Resilienz – eine Prachtvokabel! Sie klingt modern, wissenschaftlich und äußerst aktiv. Resilienz ist in aller Munde, kaum ein andres Schlagwort fällt in den heutigen politischen und sozialen Debatten so häufig wie dieses. Der amerikanische Wissenschaftler und Publizist Jeremy Rifkin hat sogar das Zeitalter der Resilienz ausgerufen. Zu Recht?
Tatsächlich ist Resilienz etwas Wunderbares. In Zeiten multipler globaler Krisen erweist sich die Fähigkeit, übermäßiger Belastung standzuhalten, quasi als ein Kassenschlager. Die in den fünfziger Jahren durchgeführte Langzeitstudie der Psychologinnen Emily Werner und Ruth S. Smith auf einer hawaiianischen Insel ergab, dass sich unter den aufgrund familialer und sozialer Härten eingeschätzten Hochrisikokindern etwa ein Drittel unerwartet gut entwickelte – entgegen allen Prognosen. Wird Resilienz also qua Geburt geschenkt? Ist sie lernbar? Die Studie zeigte auch: Immer gab es mindestens eine hilfreiche Person im Umfeld. Resilienz basiert auch auf guter Bindung.
Resilienz übersieht Ärger, Angst und Lernprozesse
Bis heute existiert keine allgemeingültige Definition der Resilienz. Sieben Faktoren oder Säulen der Resilienz gelten jedoch als weitgehend anerkannt, nämlich die Fähigkeit zu Emotionssteuerung, Impulskontrolle, Fehleranalyse und Zielorientierung sowie Selbstwirksamkeitsüberzeugung, realistischer Optimismus und Empathie – eigentlich nicht viel mehr als ein ausreichend gut funktionierendes, hoffnungsfrohes und sozial interessiertes Ich, das allen Lebenslagen trotzt.

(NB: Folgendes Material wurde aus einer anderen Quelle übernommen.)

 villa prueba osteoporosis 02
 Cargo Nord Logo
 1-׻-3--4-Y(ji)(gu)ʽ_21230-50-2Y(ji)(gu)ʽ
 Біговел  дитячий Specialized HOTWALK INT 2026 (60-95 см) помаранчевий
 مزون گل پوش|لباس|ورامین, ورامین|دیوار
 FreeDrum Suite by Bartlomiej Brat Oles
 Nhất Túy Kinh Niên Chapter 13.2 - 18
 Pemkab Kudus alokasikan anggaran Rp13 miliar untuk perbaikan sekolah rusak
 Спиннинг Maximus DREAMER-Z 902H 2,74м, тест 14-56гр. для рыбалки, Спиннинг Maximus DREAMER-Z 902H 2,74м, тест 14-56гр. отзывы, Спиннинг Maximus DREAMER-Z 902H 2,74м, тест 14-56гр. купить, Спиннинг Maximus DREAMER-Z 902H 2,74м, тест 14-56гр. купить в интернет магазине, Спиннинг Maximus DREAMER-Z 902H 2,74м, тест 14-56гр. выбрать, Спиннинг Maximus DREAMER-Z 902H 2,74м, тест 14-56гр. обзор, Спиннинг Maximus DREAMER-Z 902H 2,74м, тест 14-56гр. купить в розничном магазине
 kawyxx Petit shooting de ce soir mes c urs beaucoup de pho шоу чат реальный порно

Allen Lebenslagen?
Was in dieser Resilienzbegeisterung ausgeblendet wird, sind ihre zwiespältigen impliziten Botschaften, so die Handlungsfähigkeit durch Selbstoptimierung – suggeriert wird damit die Idee von Bemeisterung und Kontrolle. In der Vorstellung einer solchermaßen smarten Anpassung geraten die eigentlichen Ursachen und Hintergründe der Resilienzerfordernisse aus dem Fokus. Die Verantwortung für das Zurechtkommen in einer sozial gefährdeten und massiv bedrohten Ökosphäre wird an die Einzelnen verschoben. Fragen nach dem wirtschaftlichen und politischen Kontext dieser Bedrohungen und nach deren Verantwortlichen verschwinden. Sollten wir aktuell vielleicht eher rebellisch statt resilient leben und damit die systemischen Ursachen der sozialen und ökologischen Krisen infrage stellen?

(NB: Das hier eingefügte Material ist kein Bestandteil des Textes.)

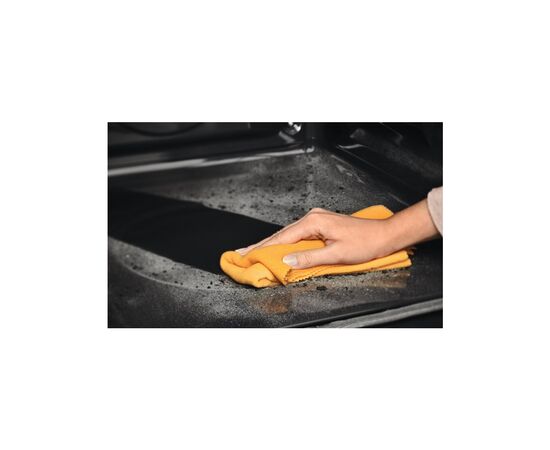 Духовой шкаф Electrolux KOEBP39WZ, изображение 8 Духовой шкаф Electrolux KOEBP39WZ, изображение 8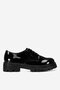 Pantofi casual Sergio Bardi WI33-E1089-02SB NEGRU
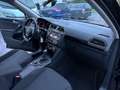 Volkswagen Tiguan Sound BMT/Start-Stopp 4Motion AHK 1.Hand Noir - thumbnail 21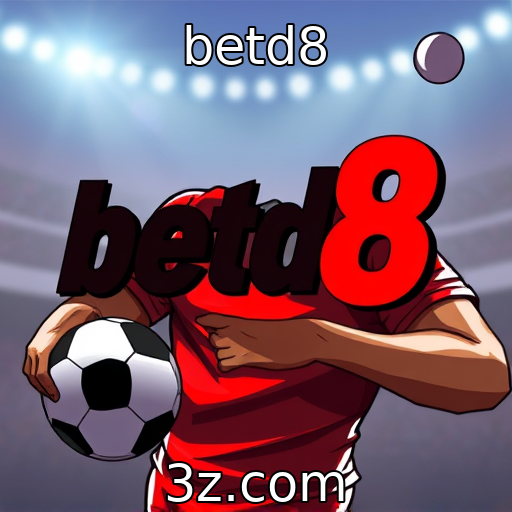 Apostas online crescem com novas regulamentações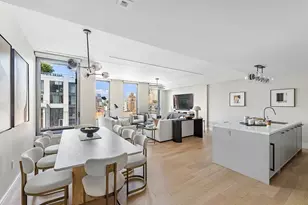540 6th Ave, New York City, NY 10011 - Photo 2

Zudem: Angst, Schwäche und Hilflosigkeit kommen im Resilienznarrativ nicht vor. Der zukunftsfähige Mensch hat sich erfolgreich angepasst und verantwortet sein seelisches Überleben scheinbar allein. Muss sich schämen, wem dies nicht gelingt? Was geschieht, wenn wir vom Bedürfnis nach Überlegenheit und Kontrolle um jeden Preis loslassen?
Resilienz bedeutet aber noch etwas: einen Lernprozess zu durchlaufen. Und der basiert immer auf Transformation. In der Suche nach Neu-Anpassung verändern wir uns, unsere Sicht auf und unseren Bezug zur Welt. Jenseits der Selbstoptimierungslogik eröffnet sich ein Feld kritischer Kreativität. Können wir in gemeinsamer Auseinandersetzung mit den gegenwärtigen Krisen lernen, unser Zusammenleben mit und auf diesem Planeten neu, anders und vor allem besser zu gestalten? So verstanden – ein Tusch auf die Resilienz!
Vera Kattermann ist psychologische Psychotherapeutin und Psychoanalytikerin in eigener Praxis in Berlin.